Russia’s recession may get bad enough to cause the unthinkable: Vladimir Putin losing power.
The prime minister’s party, United Russia, lost a majority in four of eight regional legislatures in March 15 elections. His approval rating has is still high (73%) according to a state-owned polling agency — but it is at an all-time low (49%) according to an independent group.
Most striking in authoritarian Russia is an upswell in protests. Some are unsanctioned, or in other words, riots.
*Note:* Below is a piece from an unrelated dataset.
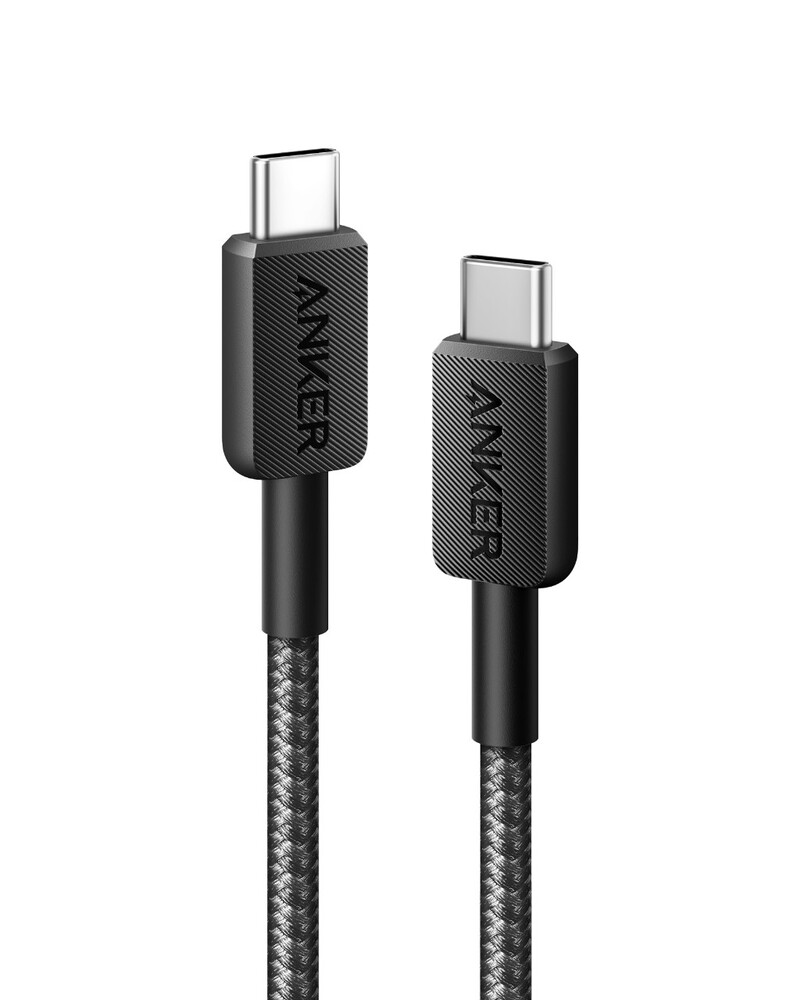 Anker 322 USB-C to USB-C Cable (Braided) 3ft - Black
The biggest rally so far came last month in Kaliningrad, a small Western exclave that has the misfortune of being located just north of Germany, where downtrodden Russians have a clear view onto the heightened living standards of their European neighbours. Some 10,000 people turned out to protest the policies of Putin and the local governor. “In our country, there will be another Kaliningrad,” Nemtsov said.
United Russia has been visibly shaken by the increasing discontent. It has launched a loud campaign to lower utilities prices, and scrambled into action to prevent another protest in Kaliningrad. “They don’t understand how to behave or what to do,” said Kynev, the political analyst. “They’re in hysterics, and lying like madmen. hey’re trying to say all is well, but it’s clearly not. Numbers are numbers.”
What’s scary is that the most viable challenger to United Russia is still the Communist Party, which has picked up legislative seats and organised protests.